### PROBLEM DETAILS
Copy word for word the lines in the records below, starting at the line with "Officiel : Kylian" and ending at the line with "サウスコート【6階】の外観". Skip the pictures.

Short text fragments from websites
"""

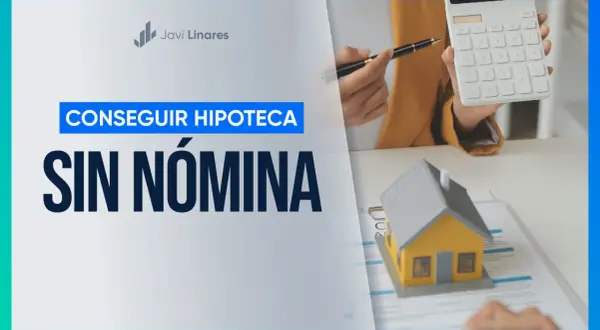 Manos calculando con calculadora y bolígrafo, junto a una maqueta de casa. El texto indica "Conseguir hipoteca sin nómina".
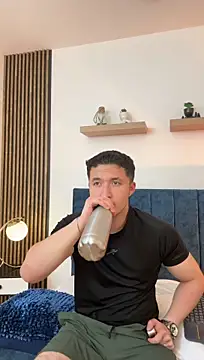 Alexander_ConnorのライブXXXチャット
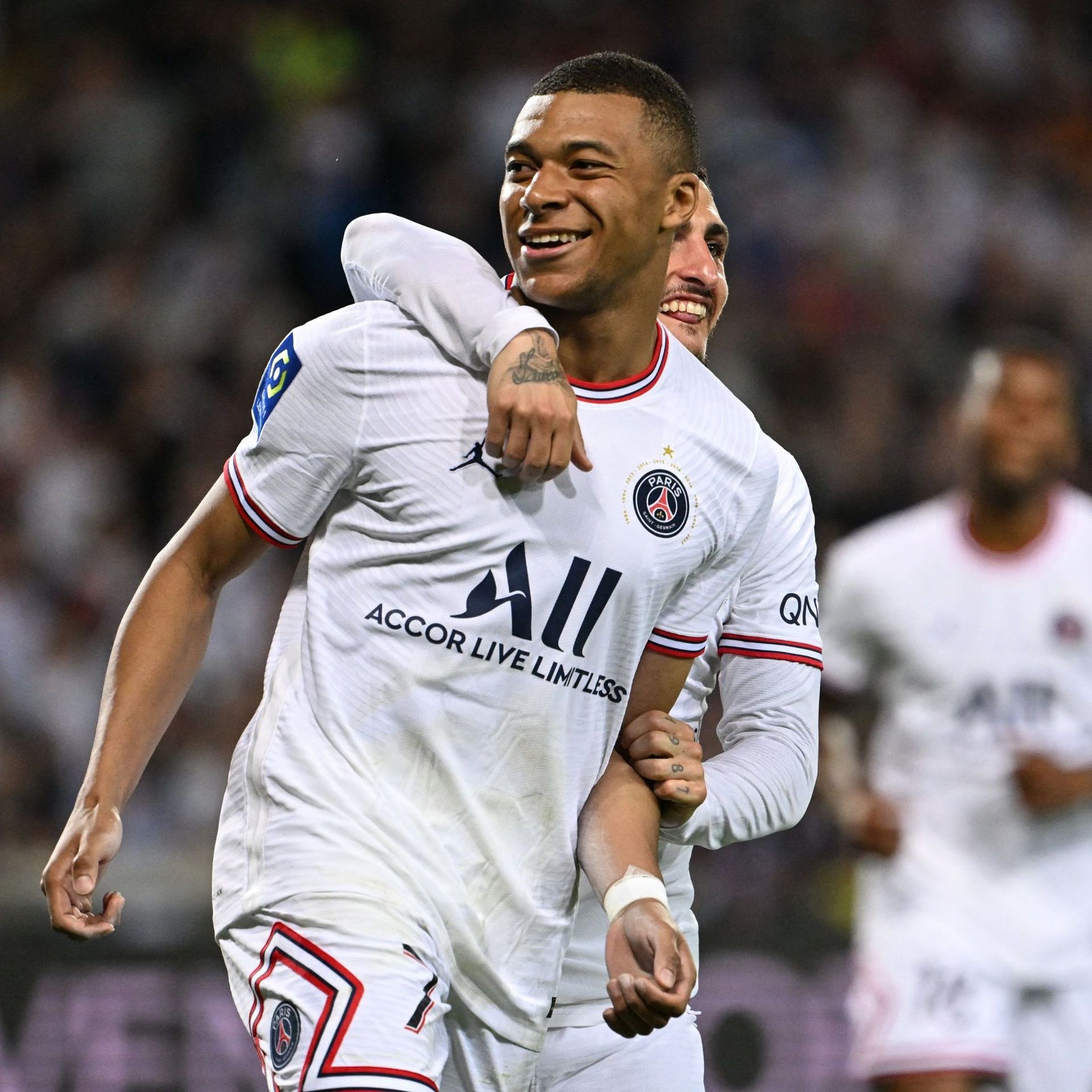 Officiel : Kylian Mbappé prolonge au Paris Saint-Germain jusqu'en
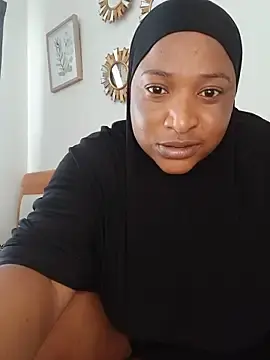 Stripchat Live Porn of Sweetbxxx24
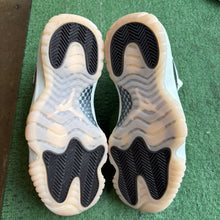 Load image into Gallery viewer, Jordan Neapolitan 11s Size 7W/5.5M
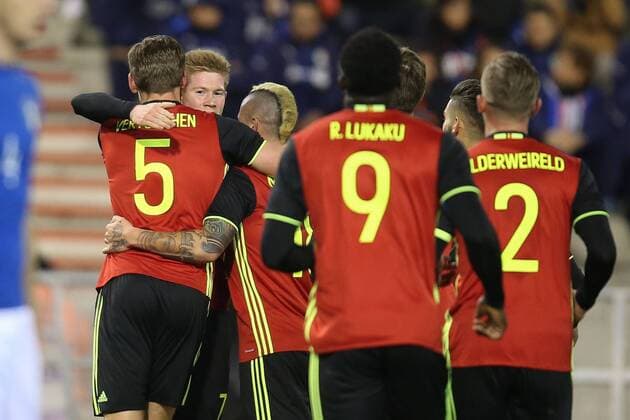 - BRUSSELS, BELGIUM: Belgium s Jan Vertonghen (L) and Belgium s Kevin De Bruyne (2L) celebrate after scoring during a friendly soccer game between Belgian national team Nationalteam Red Devils and Italy, in Brussels, Friday 13 November 2015, a game in preparation of the Euro2016 European Championship EM Europameisterschaft BRUNOxFAHY  x04739617x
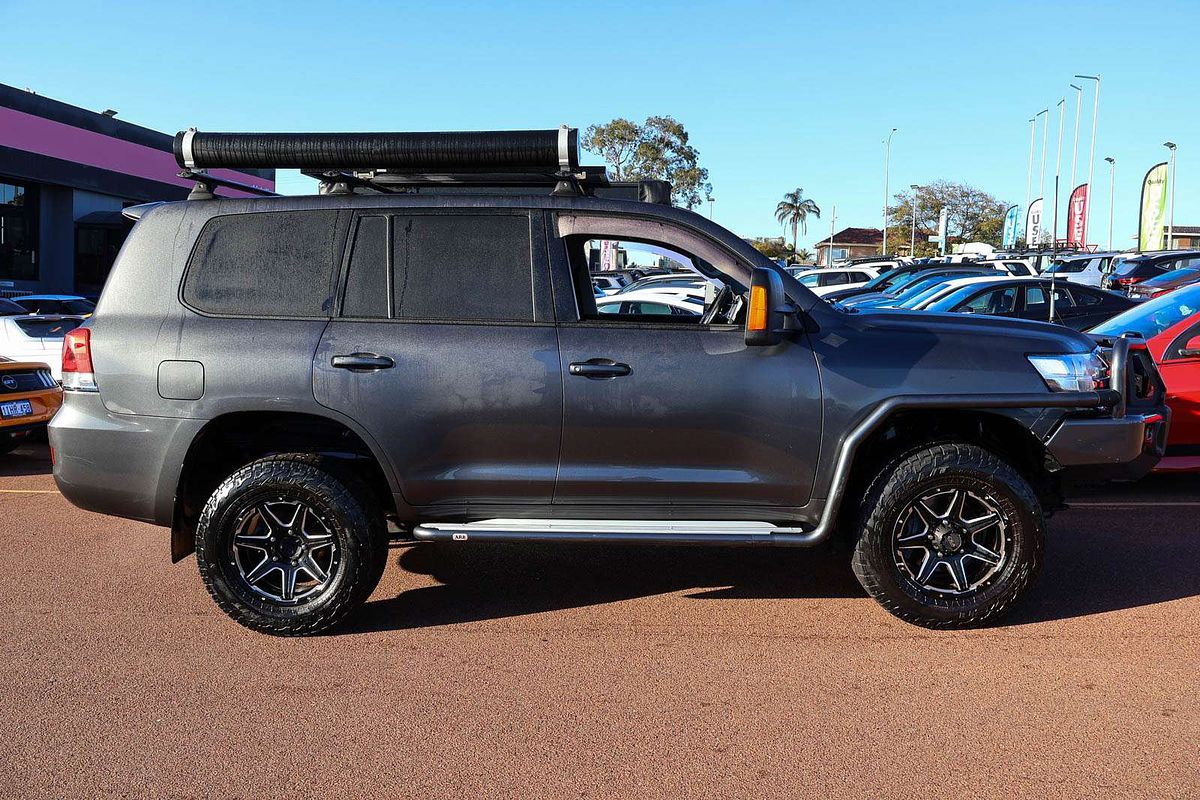 2020 Toyota Landcruiser GXL VDJ200R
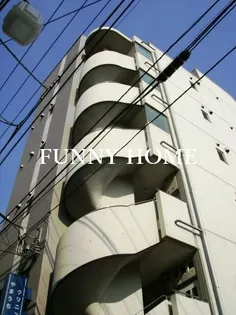 サウスコート【6階】の外観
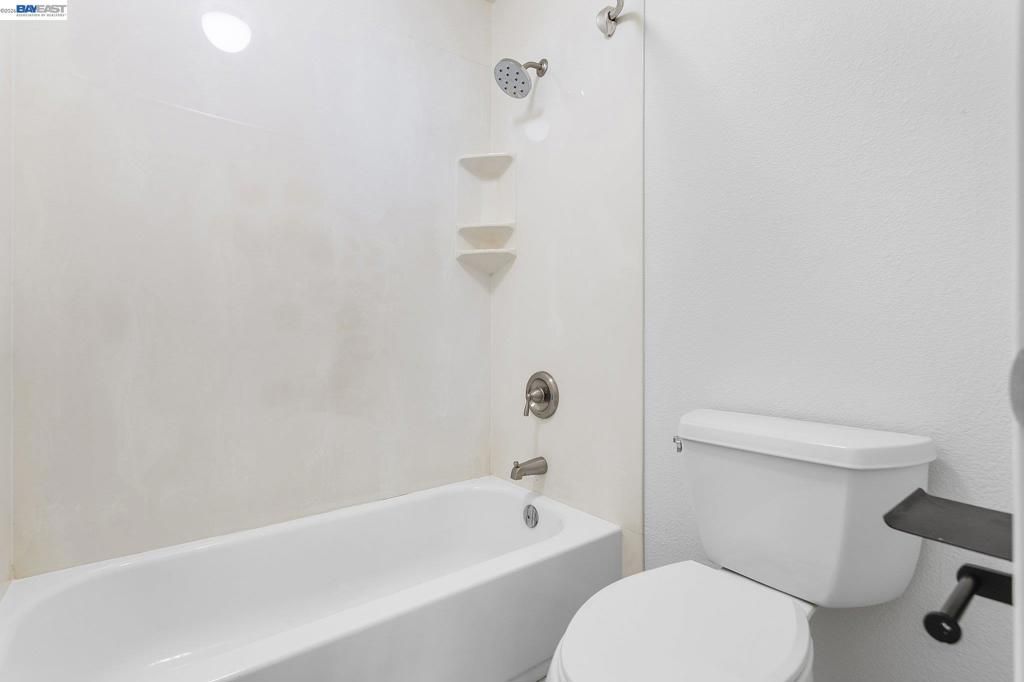 Image 12 of property listing at 1044 Mohr Ln D, Concord, CA 94518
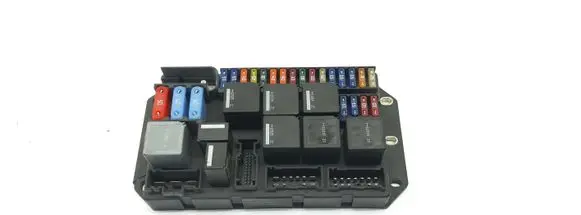 Land Rover Range Rover L322 Fuse module AH4214A073AB 110117120639 519391007
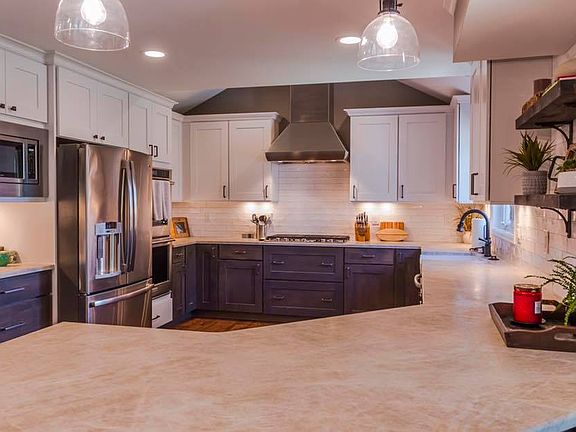 4th image of 7253 S Olive Way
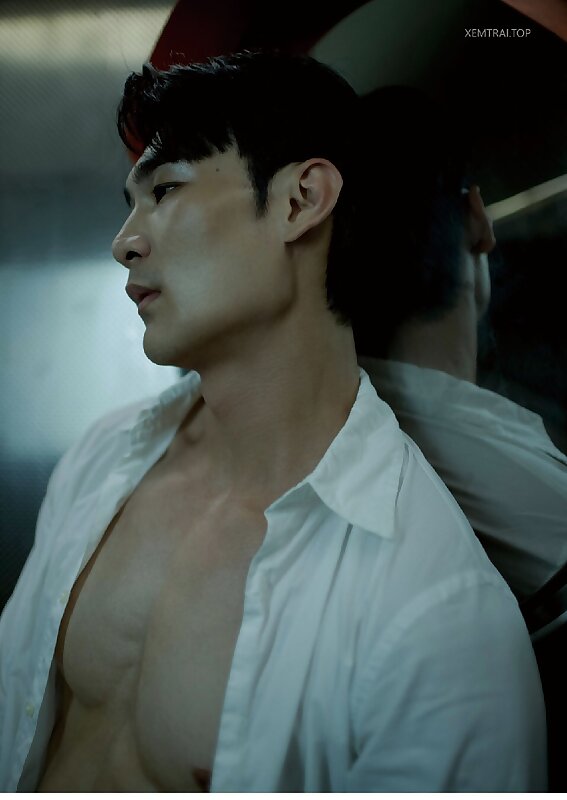 Next Image >>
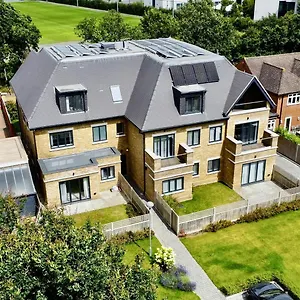 https://172-174-wood-lane-hounslow.brighton-hotels-england.com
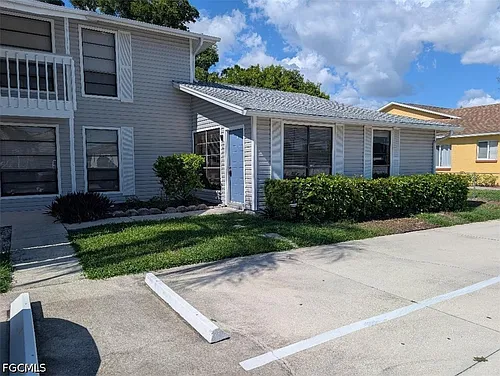 1509 SW 48th Ter #104 Photo 1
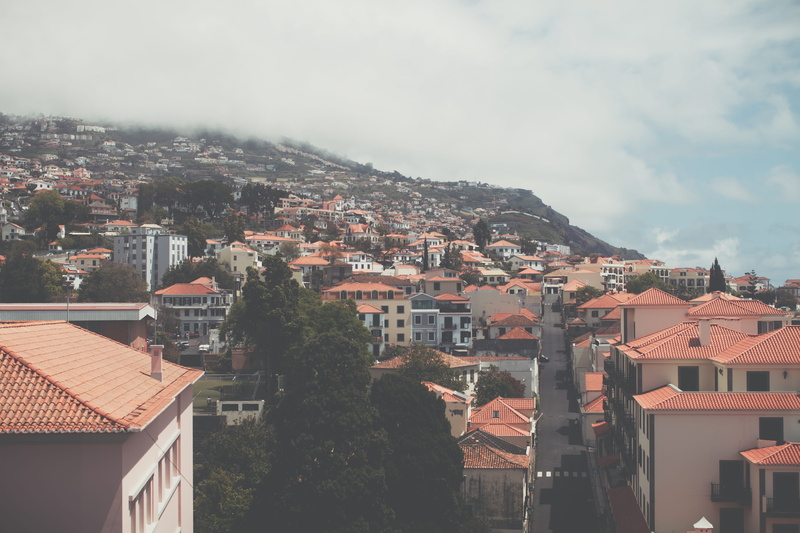 outdoors, crowded, 5K, building, cityscape, architecture, built structure, day, high angle view, residential district, spain, house, white buildings, brick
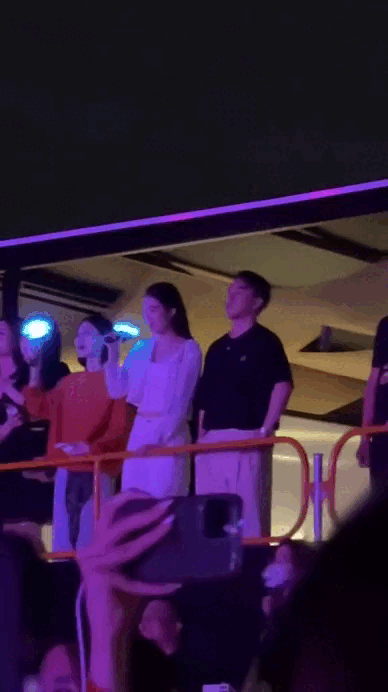 Phương Nhi và thiếu gia Minh Hoàng cứ xuất hiện là Phương Nhi và thiếu gia Minh Hoàng cứ xuất hiện là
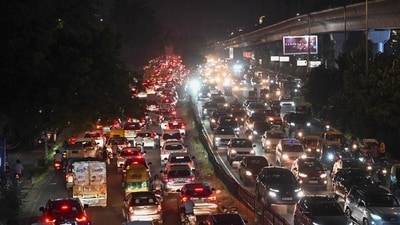 Delhi, Noida, Ghaziabad, Gurugram have been witnessing long traffic snarls amid Diwali rush (Arvind Yadav/HT Photo) Delhi, Noida, Ghaziabad, Gurugram have been witnessing long traffic snarls amid Diwali rush (Arvind Yadav/HT Photo)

"""

### RESPONSE
 Officiel : Kylian Mbappé prolonge au Paris Saint-Germain jusqu'en
 Stripchat Live Porn of Sweetbxxx24
 Load image into Gallery viewer, Jordan Neapolitan 11s Size 7W/5.5M
 - BRUSSELS, BELGIUM: Belgium s Jan Vertonghen (L) and Belgium s Kevin De Bruyne (2L) celebrate after scoring during a friendly soccer game between Belgian national team Nationalteam Red Devils and Italy, in Brussels, Friday 13 November 2015, a game in preparation of the Euro2016 European Championship EM Europameisterschaft BRUNOxFAHY  x04739617x
 2020 Toyota Landcruiser GXL VDJ200R
 サウスコート【6階】の外観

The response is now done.